I had an experience somewhat like this, but going the other way…
My father, who was 40 when I was born in 1960, grew up listening to orchestral and big-band sounds, like most of the WW2 generation. By the time I was a young teenager and heavily into 60s and 70s rock, his tastes were basically elevator music, “Muzak” for those who recall. Mantovani was big for him. He disdained and disparaged rock music in a big way.
In 1975, when I was fifteen, he had the first of two heart attacks, the second a couple years later. By the late 70s he’d undergone something of a mid-life change, his perspective really evolved on lots of things. He greatly broadened his tastes in food and drink, movies, travel, etc. I was able to get him to start listening to real music, starting with the kind of acoustic-based rock I still love to this day. Little Feat’s Waiting for Columbus was one that really had a huge effect on his musical worldview-- he loved Dixie Chicken and Old Folks Boogie in particular.

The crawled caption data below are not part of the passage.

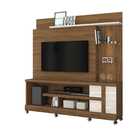 Home theater alan naturale/off white com Rodizios - Madetec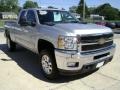 Sheer Silver Metallic - Silverado 2500HD LTZ Extended Cab 4x4 Photo No. 3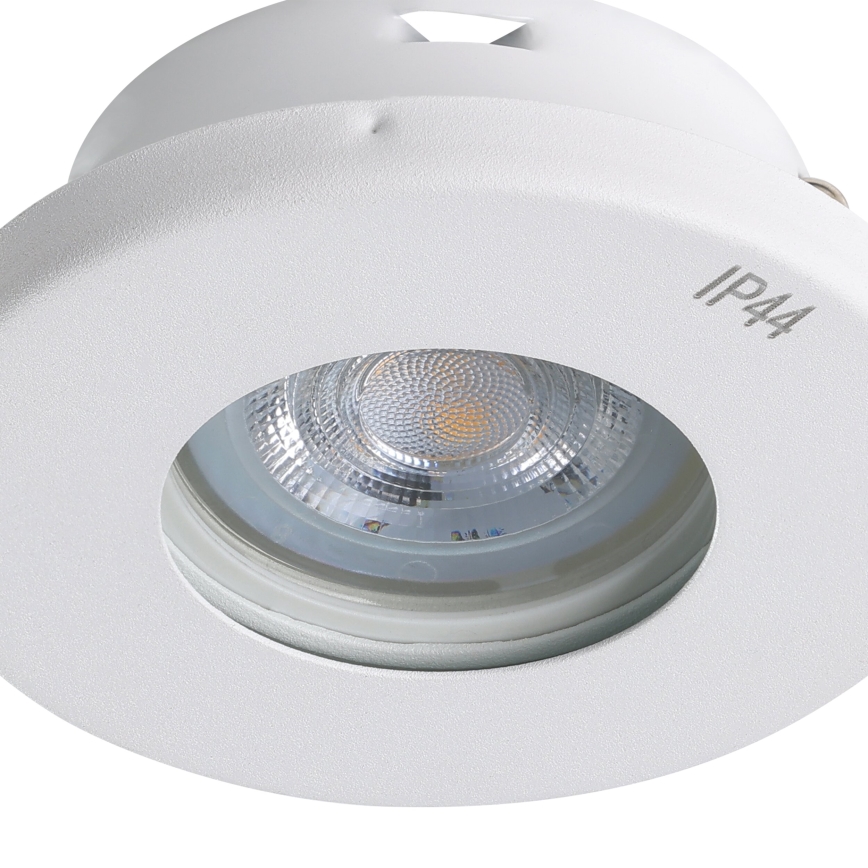 Eglo - К-кт 3xLED Лампа за вграждане в баня 1xGU10/4W/230V IP44 бял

Music became one of the many ways our relationship grew stronger and stronger over the years. After I left home for college, I would always bring him a couple of CDs every time I came home to visit (a few times a year), and for his birthday and Xmas. We would sit and listen and spend great quality time together. He got into the habit of going to music stores and browsing the shelves, and talking to the staff about whatever they had playing in the store if it appealed to him. I count it as one of the great achievements of my life to have gotten him to embrace good music.
And finally the punchline: One time when I came home for a visit, he reached for a CD that he had just bought after hearing it in a store, and excitedly put it on. “Dave, you’ll love this-- have you ever heard of a guy named Eric Clapton??” (It was his Unplugged record). “Why, yes Dad, I sure have…” Completely awesome!